Exercise details: Restate all entries exactly. Skip the images.

Captioned web images:
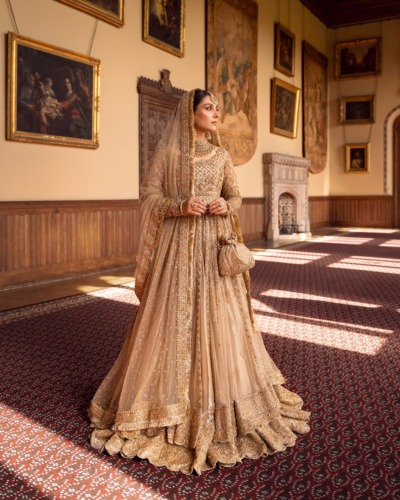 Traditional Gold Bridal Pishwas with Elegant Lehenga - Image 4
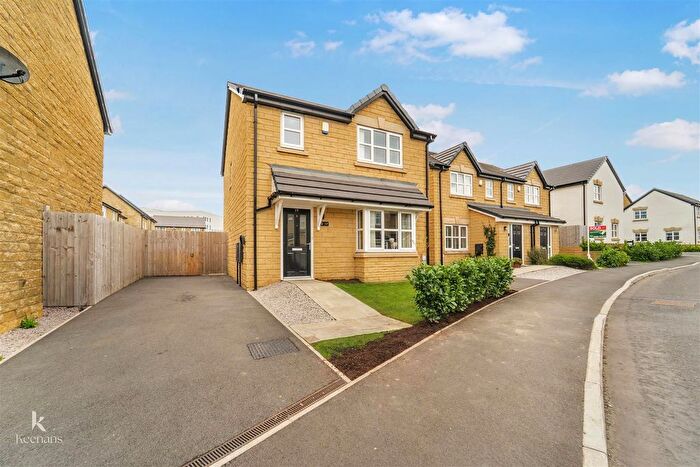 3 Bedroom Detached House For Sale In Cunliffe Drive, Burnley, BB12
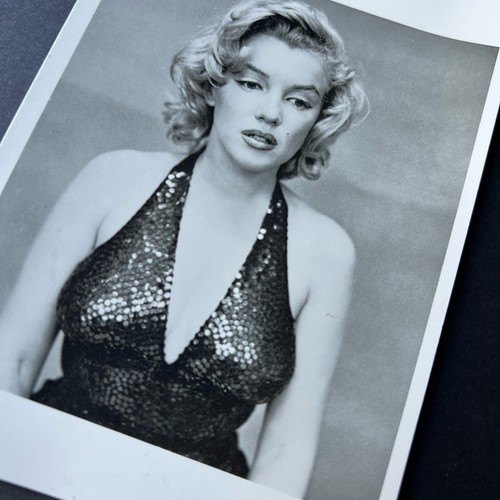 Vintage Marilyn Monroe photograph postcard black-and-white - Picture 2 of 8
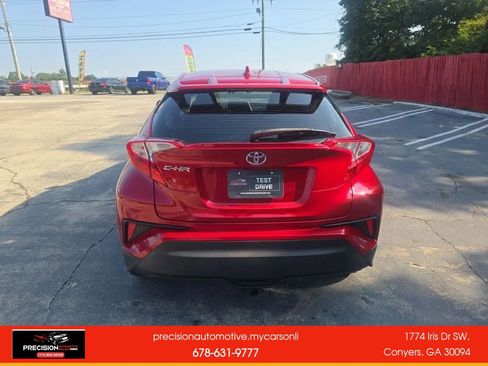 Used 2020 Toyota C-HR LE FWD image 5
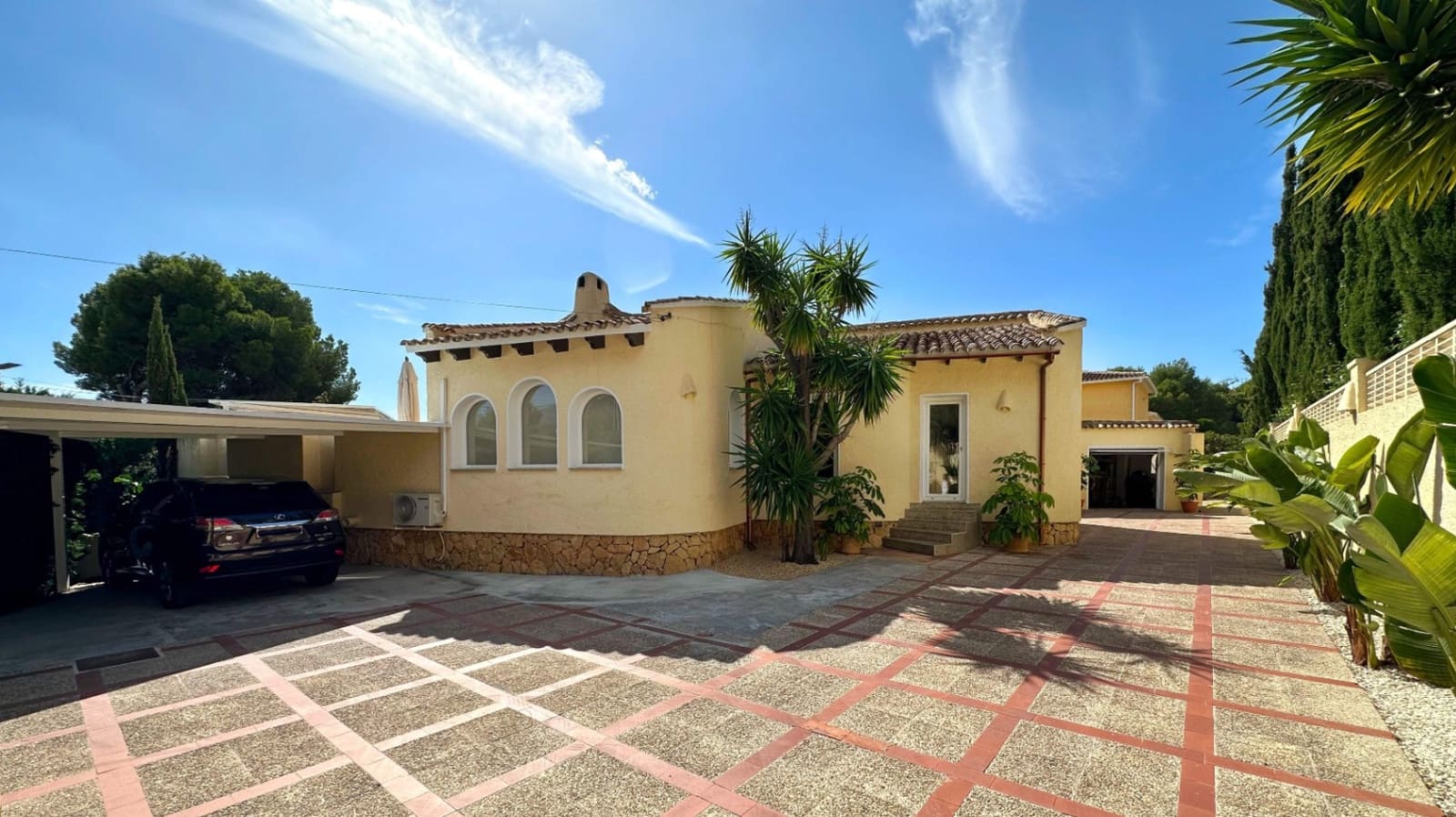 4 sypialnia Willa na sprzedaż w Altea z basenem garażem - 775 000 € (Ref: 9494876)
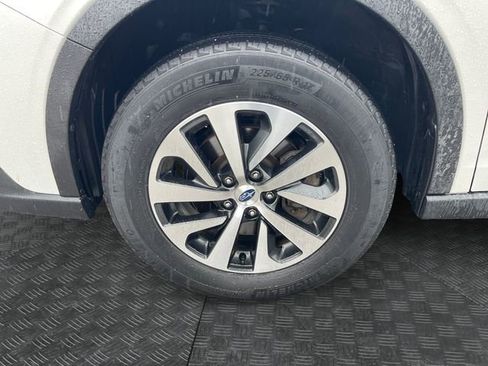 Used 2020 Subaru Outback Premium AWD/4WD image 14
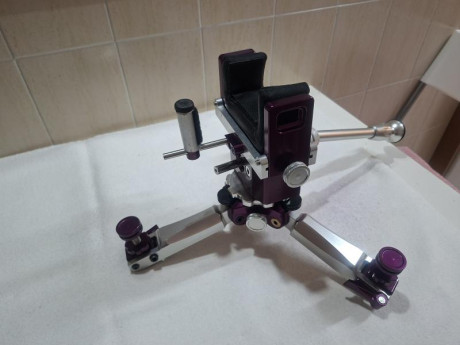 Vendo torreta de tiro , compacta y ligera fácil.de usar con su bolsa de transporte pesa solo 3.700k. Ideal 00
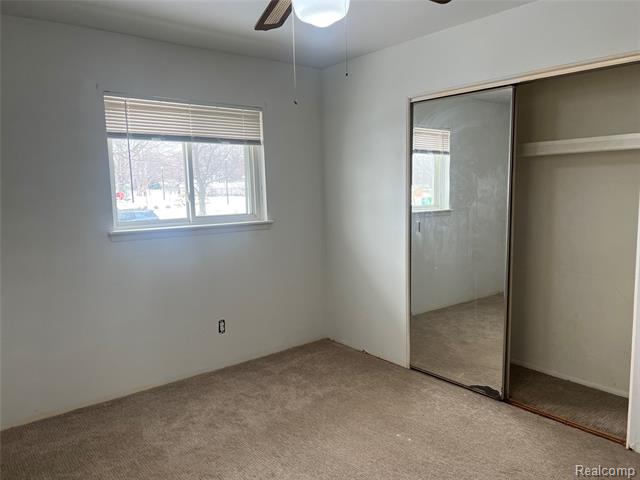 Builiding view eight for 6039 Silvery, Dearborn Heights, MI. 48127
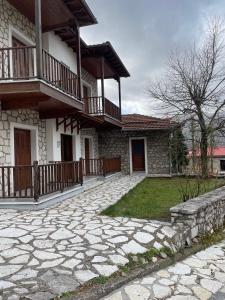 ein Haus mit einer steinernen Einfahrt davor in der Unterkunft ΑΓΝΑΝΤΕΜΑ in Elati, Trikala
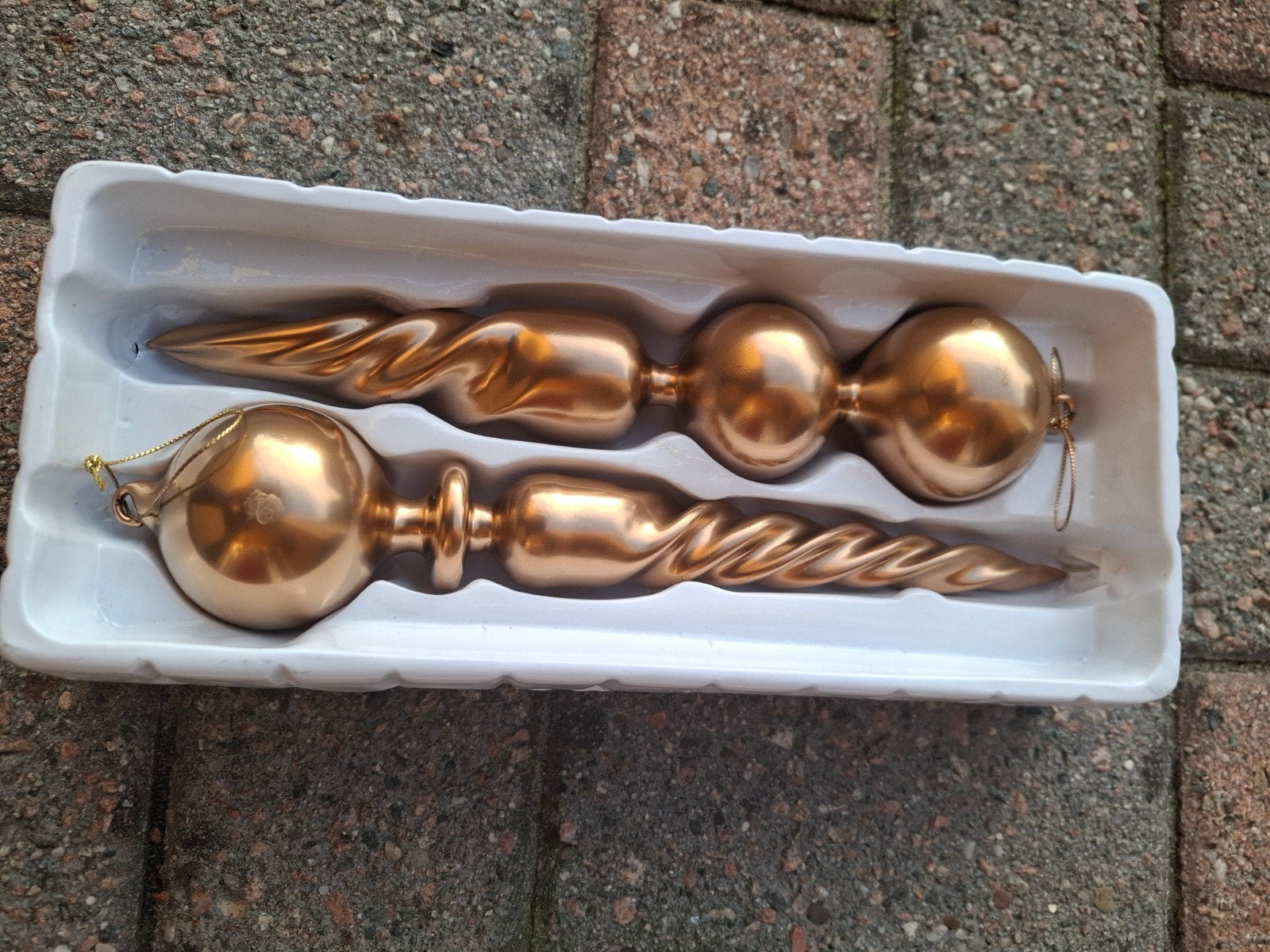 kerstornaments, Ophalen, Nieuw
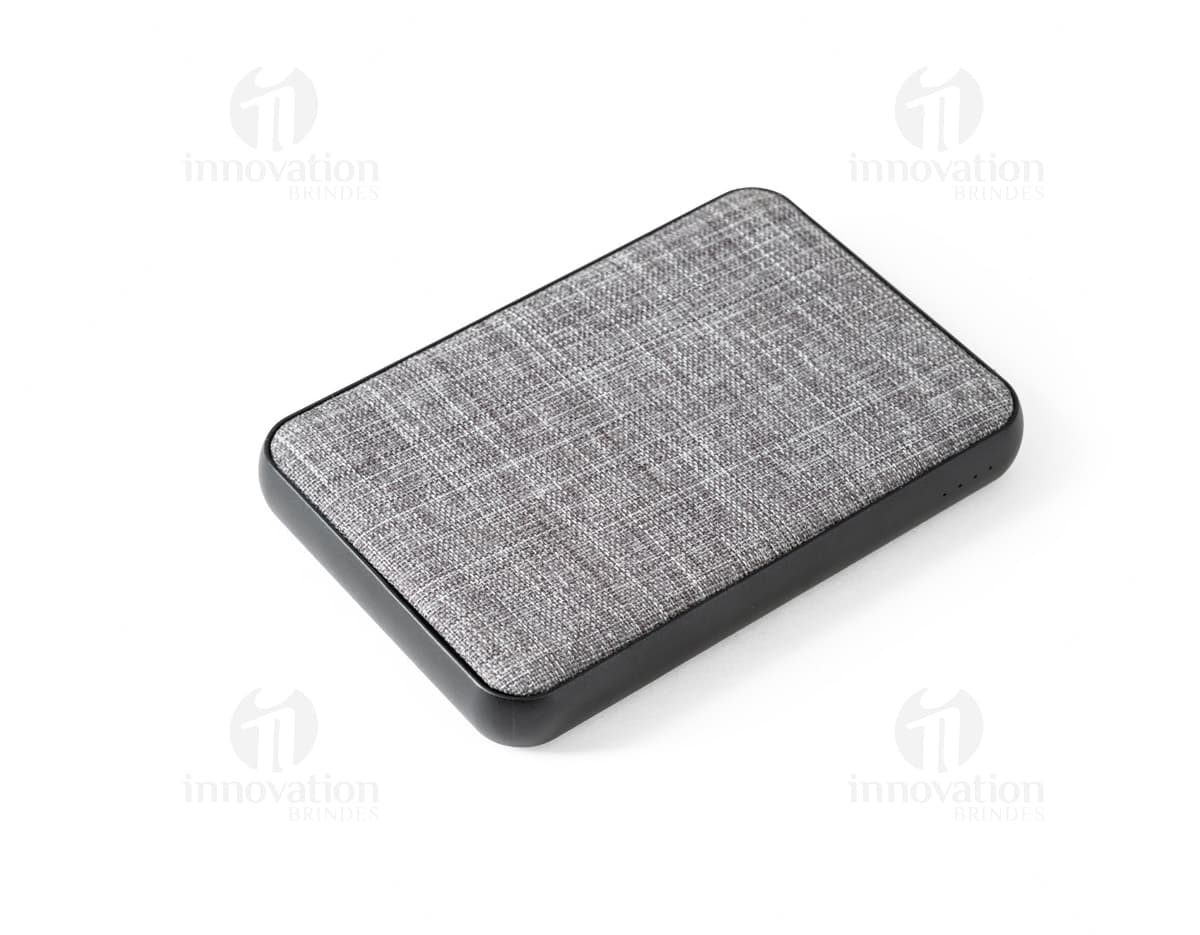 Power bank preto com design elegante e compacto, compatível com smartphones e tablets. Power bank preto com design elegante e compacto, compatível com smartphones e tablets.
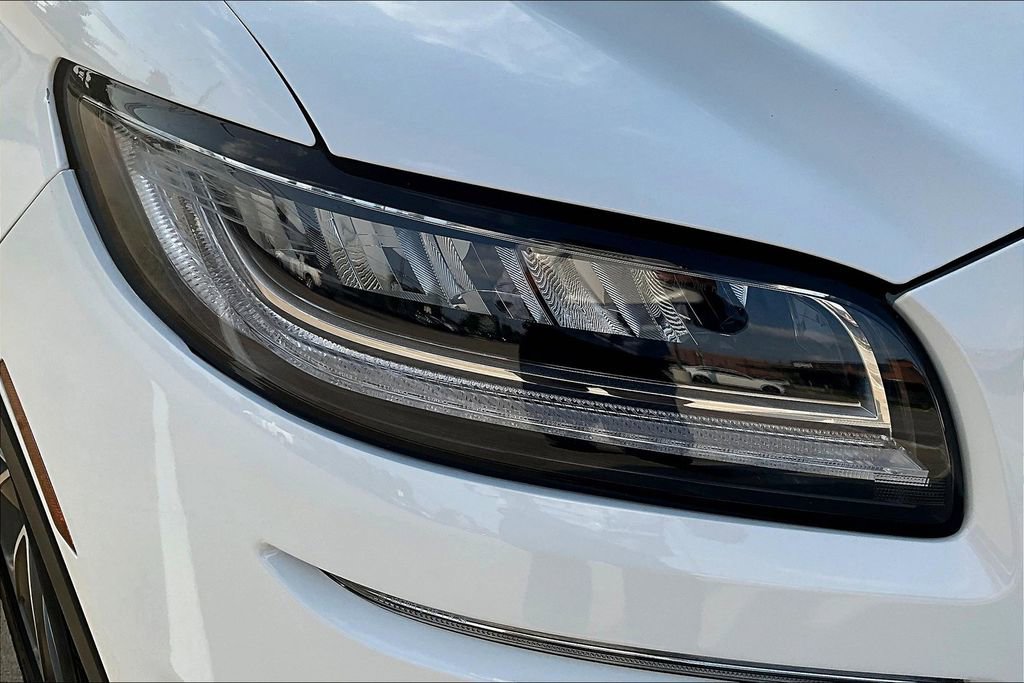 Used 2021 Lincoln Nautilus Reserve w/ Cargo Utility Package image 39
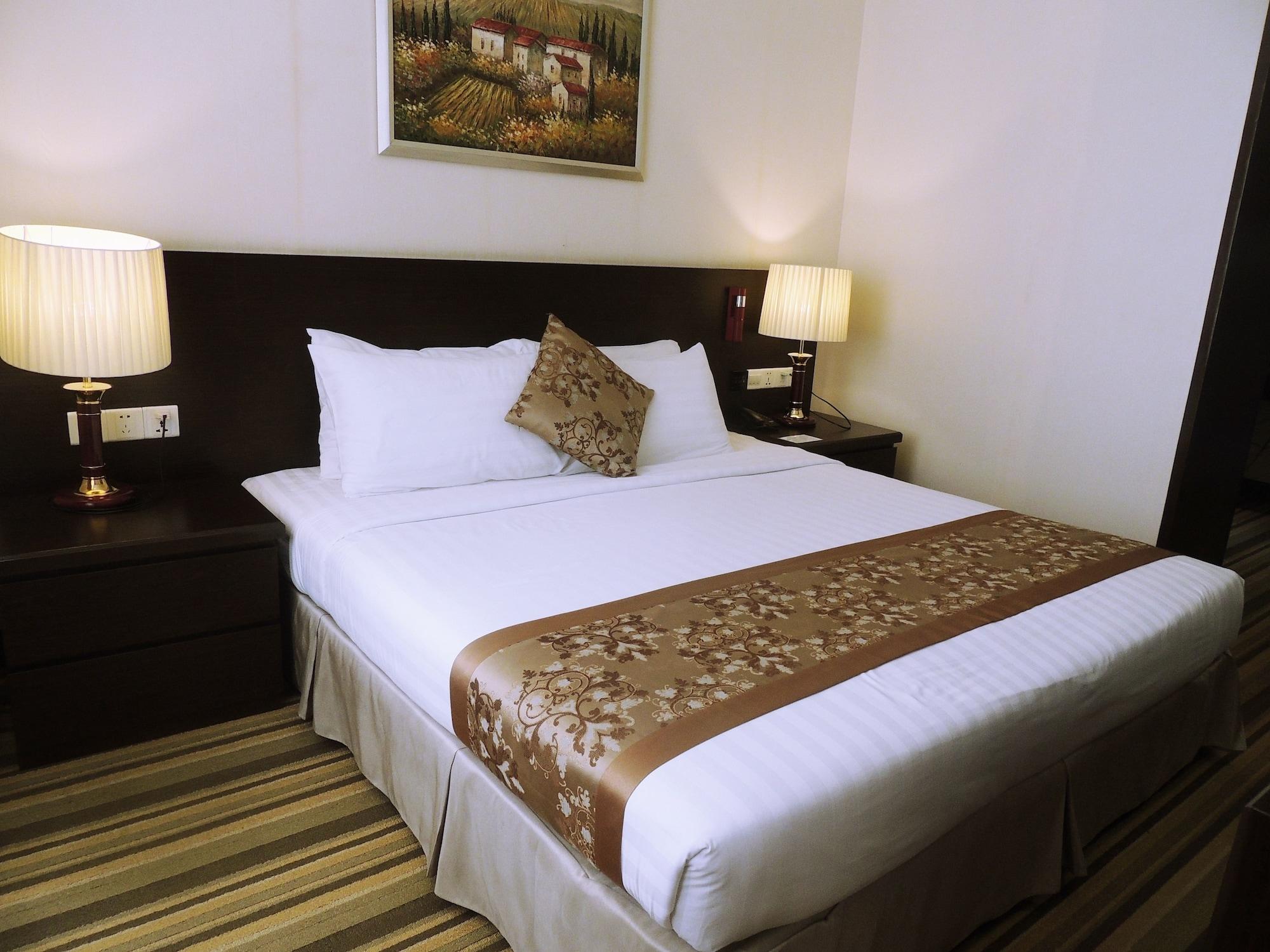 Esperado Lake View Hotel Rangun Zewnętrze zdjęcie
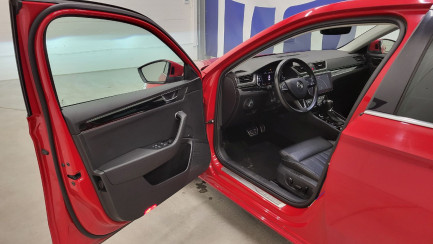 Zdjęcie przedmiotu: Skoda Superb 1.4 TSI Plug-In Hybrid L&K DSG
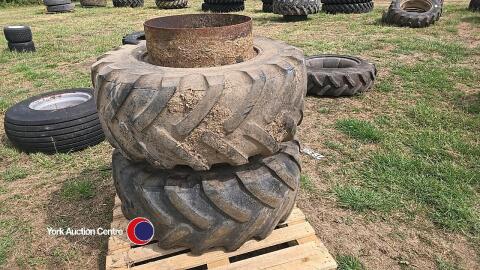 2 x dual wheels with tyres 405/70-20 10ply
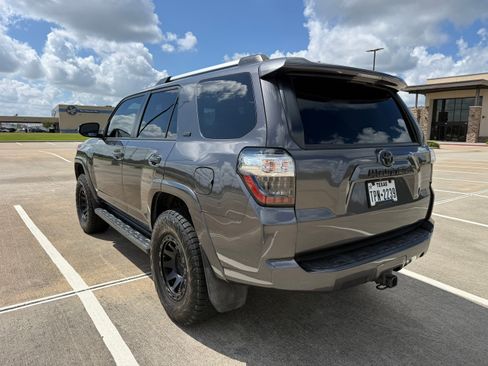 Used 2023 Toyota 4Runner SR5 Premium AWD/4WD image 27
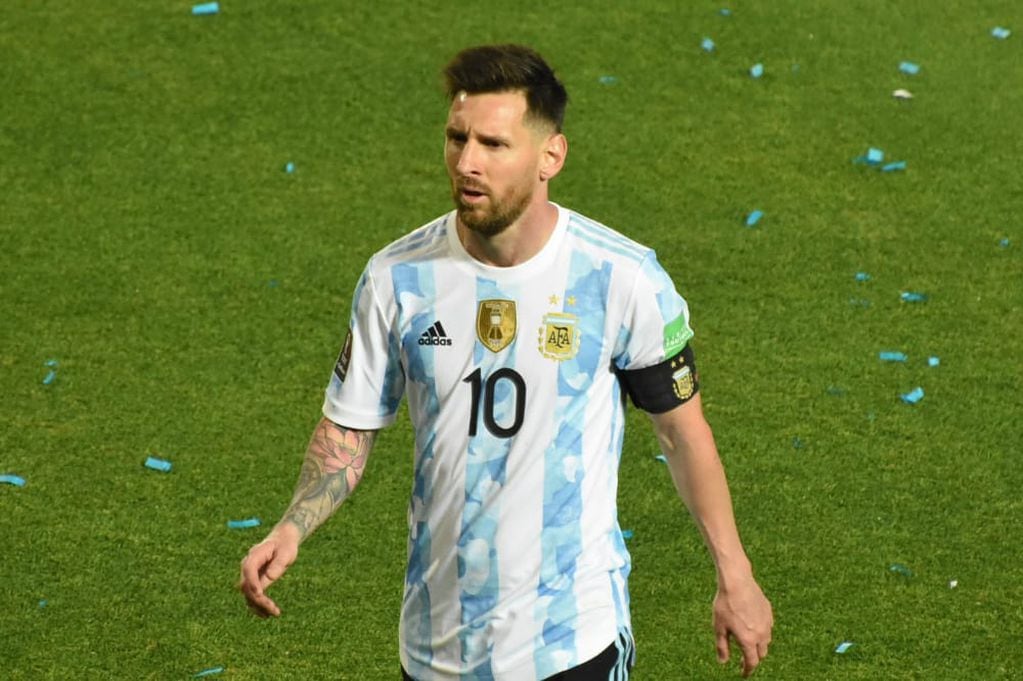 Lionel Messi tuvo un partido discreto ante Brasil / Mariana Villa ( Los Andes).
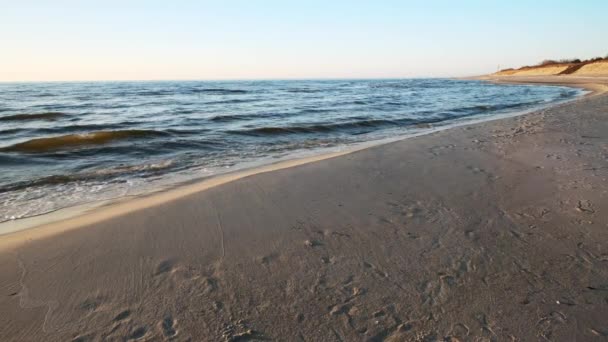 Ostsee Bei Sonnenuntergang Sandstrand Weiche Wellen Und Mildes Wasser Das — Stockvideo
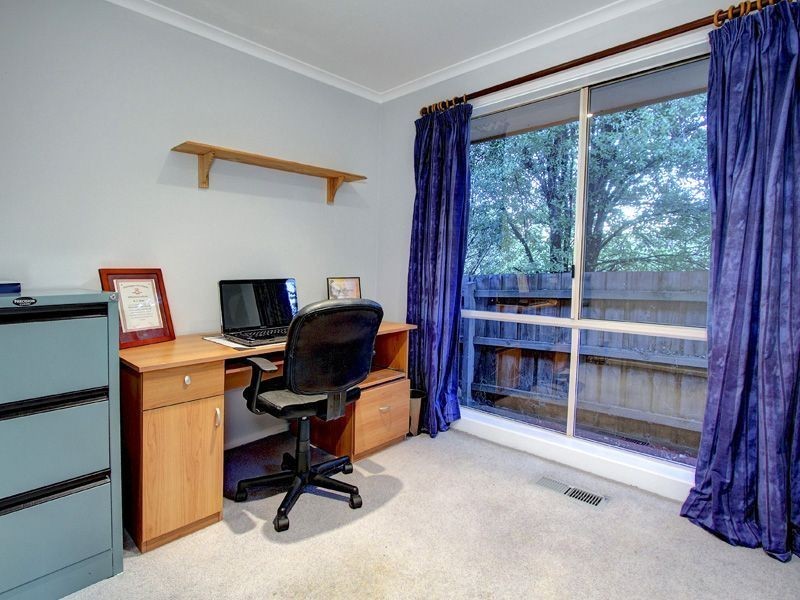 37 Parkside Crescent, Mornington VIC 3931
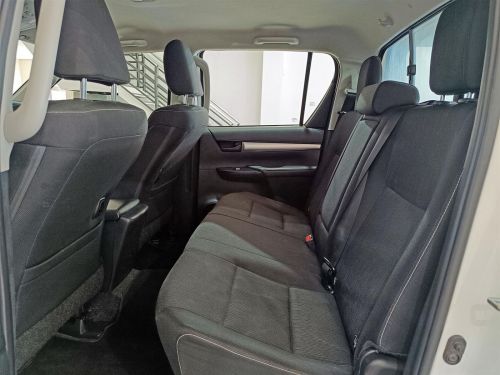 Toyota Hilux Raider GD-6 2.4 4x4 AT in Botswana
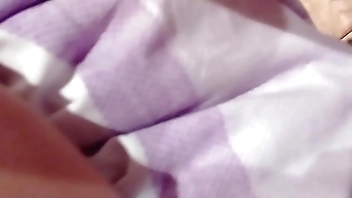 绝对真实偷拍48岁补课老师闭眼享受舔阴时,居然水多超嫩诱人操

Answer box:
 Traditional Gold Bridal Pishwas with Elegant Lehenga - Image 4
 3 Bedroom Detached House For Sale In Cunliffe Drive, Burnley, BB12
 Vintage Marilyn Monroe photograph postcard black-and-white - Picture 2 of 8
 Used 2020 Toyota C-HR LE FWD image 5
 4 sypialnia Willa na sprzedaż w Altea z basenem garażem - 775 000 € (Ref: 9494876)
 Used 2020 Subaru Outback Premium AWD/4WD image 14
 Vendo torreta de tiro , compacta y ligera fácil.de usar con su bolsa de transporte pesa solo 3.700k. Ideal 00
 Builiding view eight for 6039 Silvery, Dearborn Heights, MI. 48127
 ein Haus mit einer steinernen Einfahrt davor in der Unterkunft ΑΓΝΑΝΤΕΜΑ in Elati, Trikala
 kerstornaments, Ophalen, Nieuw
 Power bank preto com design elegante e compacto, compatível com smartphones e tablets. Power bank preto com design elegante e compacto, compatível com smartphones e tablets.
 Used 2021 Lincoln Nautilus Reserve w/ Cargo Utility Package image 39
 Esperado Lake View Hotel Rangun Zewnętrze zdjęcie
 Zdjęcie przedmiotu: Skoda Superb 1.4 TSI Plug-In Hybrid L&K DSG
 2 x dual wheels with tyres 405/70-20 10ply
 Used 2023 Toyota 4Runner SR5 Premium AWD/4WD image 27
 Lionel Messi tuvo un partido discreto ante Brasil / Mariana Villa ( Los Andes).
 Ostsee Bei Sonnenuntergang Sandstrand Weiche Wellen Und Mildes Wasser Das — Stockvideo
 37 Parkside Crescent, Mornington VIC 3931
 Toyota Hilux Raider GD-6 2.4 4x4 AT in Botswana
 绝对真实偷拍48岁补课老师闭眼享受舔阴时,居然水多超嫩诱人操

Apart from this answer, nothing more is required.